━━ Dataset excerpt ━━

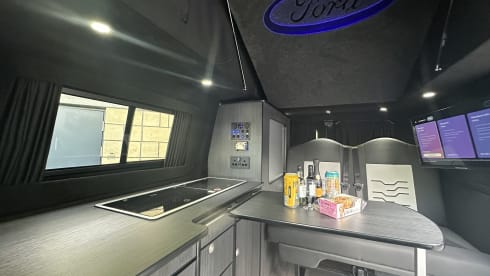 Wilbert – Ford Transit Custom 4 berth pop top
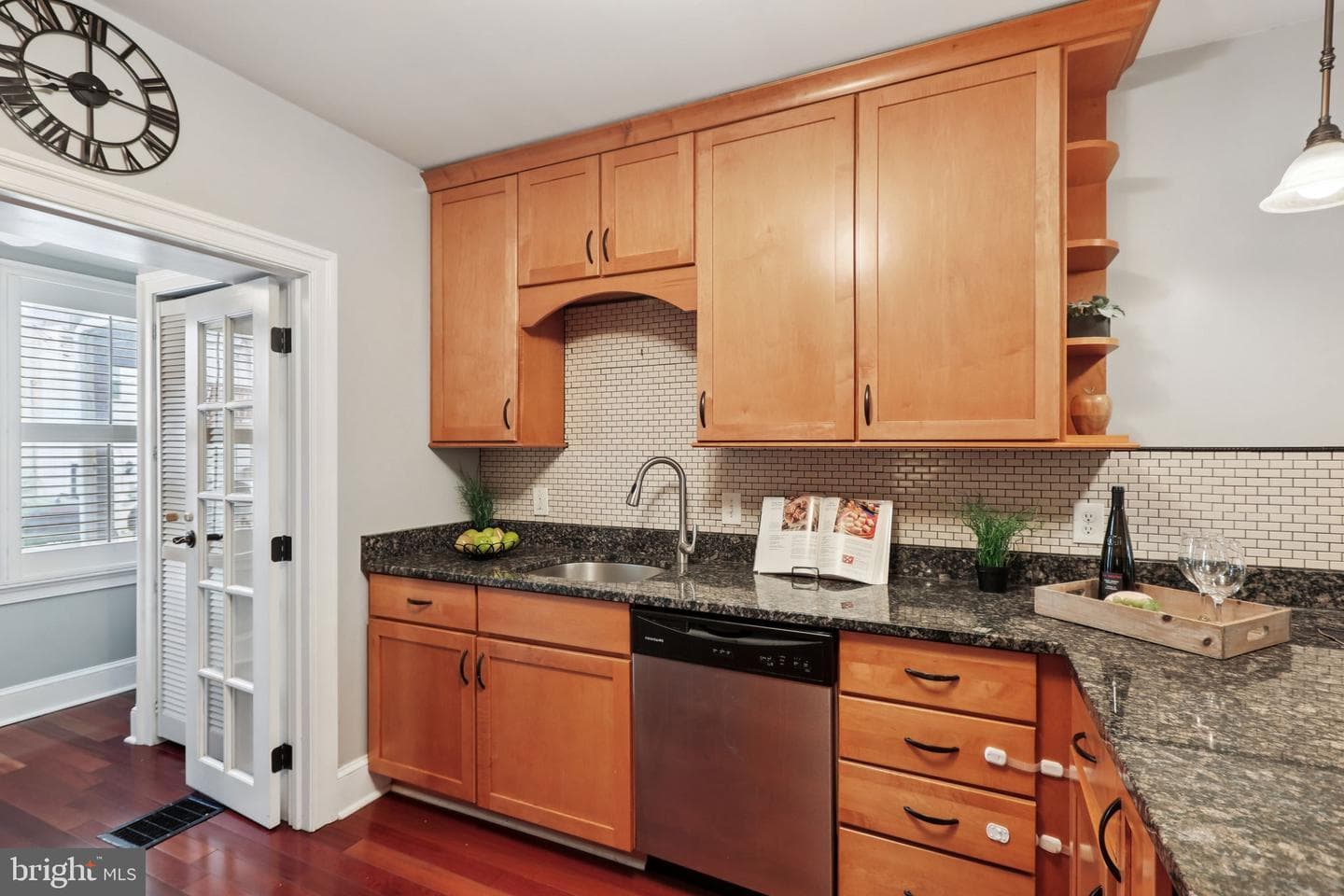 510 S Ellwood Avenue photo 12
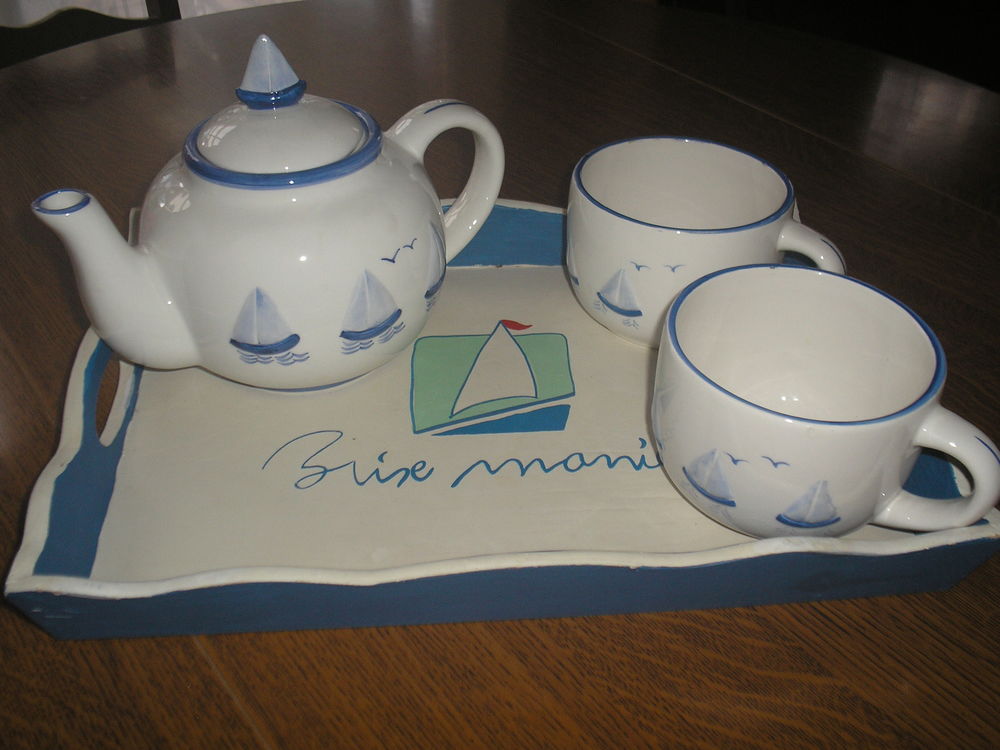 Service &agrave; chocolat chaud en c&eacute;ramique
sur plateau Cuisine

━━━

* Exercise details: Leave the pictures out and copy the rest of the data exactly.

* Output of the task:
 Wilbert – Ford Transit Custom 4 berth pop top
 510 S Ellwood Avenue photo 12
 Service &agrave; chocolat chaud en c&eacute;ramique
sur plateau Cuisine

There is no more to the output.